The Department of Aging last March contracted with local agencies to operate three "linkages" programs in Los Angeles and one each in Oakland, Ukiah, Burlingame, Eureka, Salinas, San Francisco, San Diego, Stockton, Pasadena and Long Beach. Forty-seven agencies had sought the contracts.
"The preliminary indication is that the programs are working extremely well," Wenker said, adding that their success could lead to programs in more areas of the state.
Here is how "linkages" programs have aided senior citizens:
- An 80-year-old woman was exhausted from taking care of her 82-year-old husband, who had suffered a stroke. Day care was arranged for her husband to allow the woman the rest she needed to maintain her health and continue caring for her husband on a less strenuous basis. She also received counseling to improve her management of the couple's limited funds.

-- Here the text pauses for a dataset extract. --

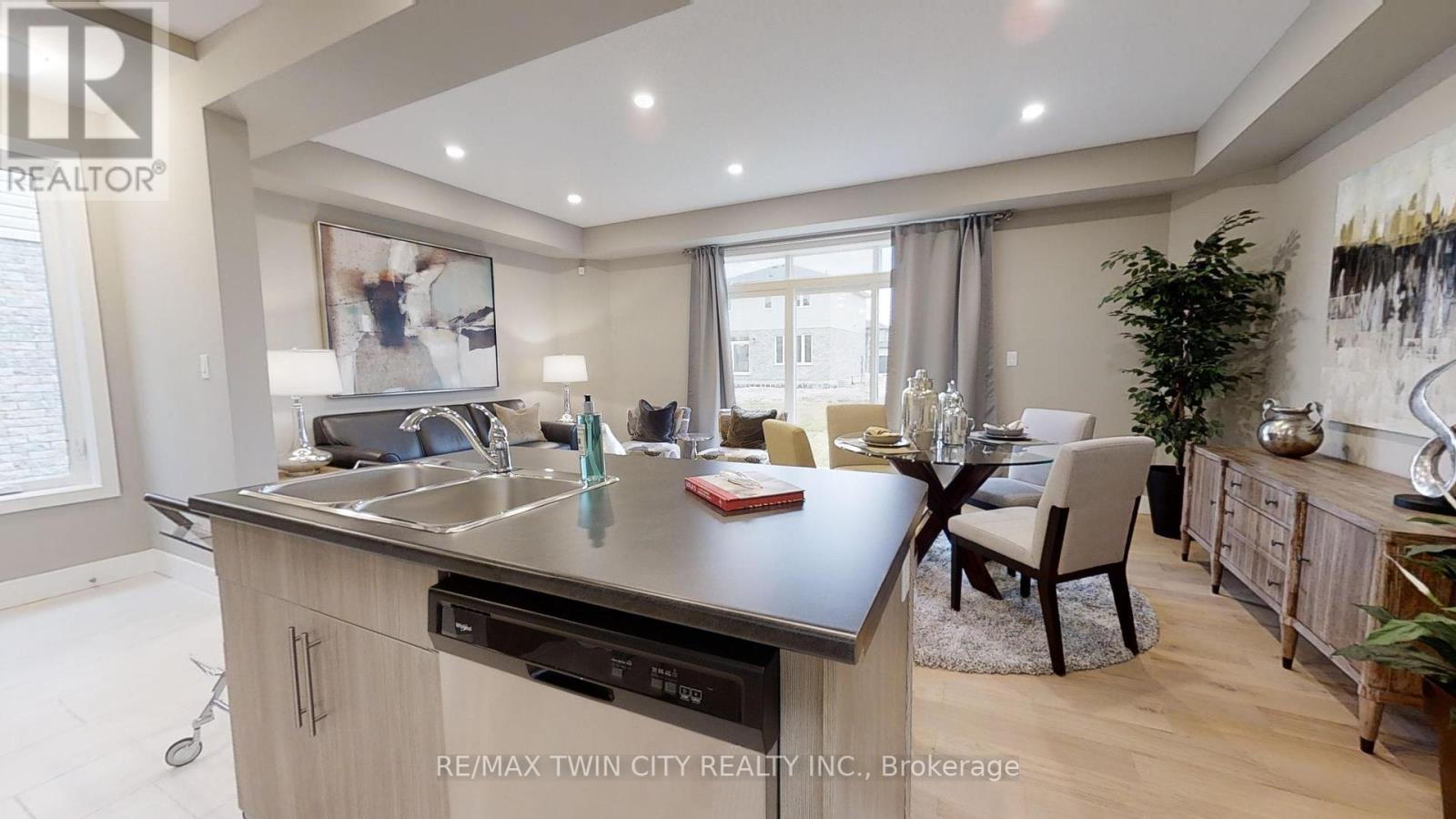 2250 Southport Crescent, London South, Ontario  N6M 0A1 - Photo 3 - X12385595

- A 72-year-old man became ill at a San Francisco bus station after arriving from New York. He had no money and no place to live after his discharge from a hospital. An apartment providing meals was found for him by program staff members, who also helped him obtain Social Security and other support benefits.
- Caring for an 83-year-old man suffering from the mentally disabling Alzheimer's disease was becoming an overwhelming task for his 82-year-old wife and their three adult children. To ease the family's burden, day care for him was arranged at a center for Alzheimer's victims. Family members were directed to a support group that advised them on the best methods for caring for Alzheimer's patients at home.
- The heart condition of an elderly woman improved to the extent that she no longer needed nursing home care. However, her only place to go was the home of her mentally ill daughter, who was experiencing serious financial difficulties. Program staff members arranged for in-home care, hot meals and other assistance to make it possible for the mother to live with her daughter.
Wenker said only a few states offer "linkages" programs and none are as extensive as California's.
The program, which also serves functionally impaired adults, was praised by Gov. George Deukmejian in a recent statewide radio address.
"If a senior wants to remain at home, but needs some special help, we should try to make this choice available," the governor said.